LyCORIS DinoV2 similarity score calculation

Dear authors,

Thank you for the amazing works, could you give the implementation of Subject Fidelity usign DINOv2 and Prompt fidelity? I'd like to replicate the paper results. (https://arxiv.org/pdf/2309.14859) Once again, thank you for the great contribution

Aug 08 '24 09:08 Sundragon1993

@Sundragon1993 Sorry for late reply

we have a repo for our eval framework: https://github.com/cyber-meow/LyCORIS-evaluation

you may want to check it

Aug 13 '24 06:08 KohakuBlueleaf

@KohakuBlueleaf

Thank you for the information, I've tried to evaluate the Lora using your eval framework but getting the error due to the lack of:

 in_dist_features = "in_dist_prompts-image-features.npz"
    out_dist_features = "out_dist_prompts-image-features.npz"
    trigger_features = "triggeronly-image-features.npz"

in this file: https://github.com/cyber-meow/LyCORIS-evaluation/blob/7c5758c8338aa59c4601bb68db8d5112b15748c4/lycoris_eval/evaluation/utils.py#L60 How do I prepare the ref image to get these .npz files?

Aug 14 '24 09:08 Sundragon1993

cc @cyber-meow

BTW I recommend you to open issue to LyCORIS-evaluation repo instead here

Aug 14 '24 09:08 KohakuBlueleaf

@Sundragon1993

Thank you for your interest and I am sorry that I did not make the repository more user-friendly. I planned to polish it at some moment but did not have time.

The npz files come from https://github.com/cyber-meow/LyCORIS-evaluation/blob/main/lycoris_eval/encoding/encode_image_features.py More specifically, we had the the directory organized in a certain way, with folders such as in_dist_prompts, out_dist_prompts, and triggeronly at the last level and this is why we get these specific npz files.
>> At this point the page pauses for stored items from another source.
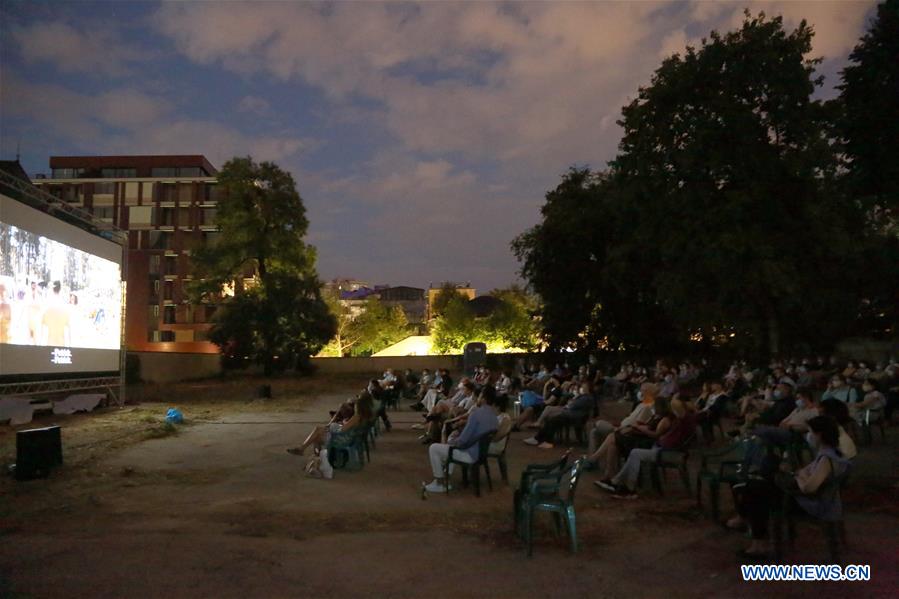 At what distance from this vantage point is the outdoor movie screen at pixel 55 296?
43.4ft

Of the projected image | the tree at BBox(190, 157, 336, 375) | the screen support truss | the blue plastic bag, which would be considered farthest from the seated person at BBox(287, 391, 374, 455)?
the tree at BBox(190, 157, 336, 375)

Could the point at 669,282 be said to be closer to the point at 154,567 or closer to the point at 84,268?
the point at 84,268

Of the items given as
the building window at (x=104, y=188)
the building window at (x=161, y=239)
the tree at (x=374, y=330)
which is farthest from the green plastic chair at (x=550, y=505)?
the building window at (x=104, y=188)

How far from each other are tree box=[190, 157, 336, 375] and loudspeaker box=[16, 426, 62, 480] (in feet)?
94.9

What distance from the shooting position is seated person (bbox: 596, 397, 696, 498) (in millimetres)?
7211

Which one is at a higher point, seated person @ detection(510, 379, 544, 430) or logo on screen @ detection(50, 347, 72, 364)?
logo on screen @ detection(50, 347, 72, 364)

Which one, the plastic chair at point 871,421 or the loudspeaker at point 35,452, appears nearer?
the loudspeaker at point 35,452

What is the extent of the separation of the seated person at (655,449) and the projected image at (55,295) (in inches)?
468

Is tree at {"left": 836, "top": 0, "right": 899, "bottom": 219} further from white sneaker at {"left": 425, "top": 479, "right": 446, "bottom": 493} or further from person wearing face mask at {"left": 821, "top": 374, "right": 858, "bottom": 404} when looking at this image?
white sneaker at {"left": 425, "top": 479, "right": 446, "bottom": 493}

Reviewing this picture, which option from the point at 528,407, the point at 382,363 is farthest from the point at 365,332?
the point at 528,407

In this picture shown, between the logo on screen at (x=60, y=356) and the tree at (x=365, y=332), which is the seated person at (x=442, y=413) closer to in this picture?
the logo on screen at (x=60, y=356)

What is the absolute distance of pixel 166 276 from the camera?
58.1 metres

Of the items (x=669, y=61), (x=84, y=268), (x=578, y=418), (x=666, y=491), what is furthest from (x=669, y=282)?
(x=84, y=268)

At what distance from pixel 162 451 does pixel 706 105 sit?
19662 mm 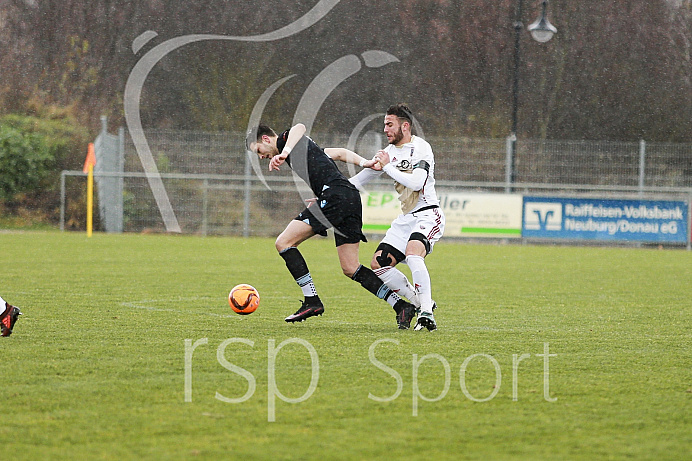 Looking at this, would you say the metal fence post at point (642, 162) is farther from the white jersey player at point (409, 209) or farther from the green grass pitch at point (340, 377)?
the white jersey player at point (409, 209)

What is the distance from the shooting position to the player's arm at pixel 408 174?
7.23m

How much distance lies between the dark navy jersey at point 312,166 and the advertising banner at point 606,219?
1526 cm


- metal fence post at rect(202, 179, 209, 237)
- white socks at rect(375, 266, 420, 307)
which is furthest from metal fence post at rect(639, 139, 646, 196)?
white socks at rect(375, 266, 420, 307)

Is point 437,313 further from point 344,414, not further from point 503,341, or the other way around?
point 344,414

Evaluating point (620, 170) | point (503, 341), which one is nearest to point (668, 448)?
point (503, 341)

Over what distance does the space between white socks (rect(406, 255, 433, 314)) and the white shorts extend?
251mm

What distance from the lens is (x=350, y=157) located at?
296 inches

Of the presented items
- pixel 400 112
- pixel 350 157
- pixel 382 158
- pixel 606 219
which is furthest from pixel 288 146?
pixel 606 219

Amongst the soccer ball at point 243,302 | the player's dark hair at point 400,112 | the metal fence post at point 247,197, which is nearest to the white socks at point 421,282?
the player's dark hair at point 400,112

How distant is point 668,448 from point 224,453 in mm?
1780

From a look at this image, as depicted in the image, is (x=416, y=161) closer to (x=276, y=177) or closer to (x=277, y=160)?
(x=277, y=160)

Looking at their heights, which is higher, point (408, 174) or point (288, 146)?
point (288, 146)

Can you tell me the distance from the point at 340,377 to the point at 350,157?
2.91m

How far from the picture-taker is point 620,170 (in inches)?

Feel free to clone/fork the repository and modify the code yourself as it was not so flexible.

Aug 14 '24 09:08 cyber-meow

@cyber-meow Thank you for the prompt reply, should I put the same image into these folders?

Aug 14 '24 10:08 Sundragon1993

I expected if we compute the similarity of only 1 image, the score should be 1:

Aug 14 '24 10:08 Sundragon1993

What images to put in each folder ultimately depends on your choice. This would just affect the score you obtain in your csv file. Moreover I think you need to use the --generated argument here for the generated images to get the right npz files. You will also need to encode npz for some reference image. If you compute the cosine similarity between two images that are identical then you get a score of 1. Otherwise even for very similar images we typically expect a score between 0.3 and 0.6 depending on the exact clip model we are using.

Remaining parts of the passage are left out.